Social Responsibility — with Interest

Social Responsibility — with Interest


A commitment to affordable housing and wealth-building in minority communities led Natalie Hunter (’20) to earn an MBA

Natalie Hunter’s (’20) interest in affordable housing began during her undergraduate days at Wesleyan University. While double-majoring in African American Studies and Spanish, she began to develop an interest in the causes of housing discrimination, redlining and other inequities facing minority communities. After graduation, she worked at J.P. Morgan on regulatory compliance, specifically, the Volcker Rule that emerged from the sub-prime housing crisis.

More and more corporate CEOs acknowledge an obligation to recognize the value of social responsibility while pursuing profits. “It doesn’t have to be a forfeiture of a potentially wealth-building career.”

“I started to think more about social impact investing and had to define what that meant for me,” Hunter says. She homed in on community development and affordable housing and began thinking about how she could make an impact in those arenas. “A lot of those jobs required graduate level degrees, so I started considering an MBA,” Hunter says. “I saw that Anderson specifically had the UCLA Ziman Center for Real Estate, and a lot of great resources through that. And that’s kind of how I ended up here.” Hunter enrolled at Anderson as a Consortium Fellow and has also become a Howard and Irene Levine Distinguished Fellow, awarded to second-year students interested in pursuing careers related to affordable housing and low income housing.

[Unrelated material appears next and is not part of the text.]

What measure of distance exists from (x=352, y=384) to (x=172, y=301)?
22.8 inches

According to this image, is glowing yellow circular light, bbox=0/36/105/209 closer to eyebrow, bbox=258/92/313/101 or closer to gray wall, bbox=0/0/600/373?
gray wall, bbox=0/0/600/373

Hunter is effusive in her praise for the Ziman Center’s resources, especially the Levine Distinguished Fellows Program. “The program has been really great,” she says. In describing a recent connection she made through Ziman to Ayako Utsumi, an affordable housing consultant who moderated a panel at the Southern California Association of Non-Profit Housing (SCANPH) annual conference in 2019, Hunter’s enthusiasm is palpable.

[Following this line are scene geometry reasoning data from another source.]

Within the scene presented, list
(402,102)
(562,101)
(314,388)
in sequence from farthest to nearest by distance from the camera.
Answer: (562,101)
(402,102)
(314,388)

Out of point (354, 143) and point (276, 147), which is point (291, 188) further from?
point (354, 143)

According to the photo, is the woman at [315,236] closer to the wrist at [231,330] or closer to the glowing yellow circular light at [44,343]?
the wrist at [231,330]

“Her whole argument is that care coordination, including social services programs that help vulnerable populations really stay on their feet and manage all aspects of their lives, needs to be more coordinated. As [services] exist currently, they’re very siloed because of the way we’re reimbursed by the government through different programs,” Hunter explains. “So they’re trying to propose a more sustainable way of financing care coordination within nonprofit housing.”

“The Ziman Center is fully committed to addressing the issues surrounding affordable housing in California through dedicated curriculum, research and public education forums,” says Tim Kawahara, executive director of the Ziman Center. “Natalie has taken full advantage of these resources, including access to professionals who are working in affordable housing development. She’s shown a real dedication to making a difference in the community, taking the business skills she’s developed at Anderson and directly applying them in an effort to impact the biggest housing crisis the state has ever seen. She’s got the entrepreneurial spirit of Anderson and a desire to apply that spirit to a worthy social issue.”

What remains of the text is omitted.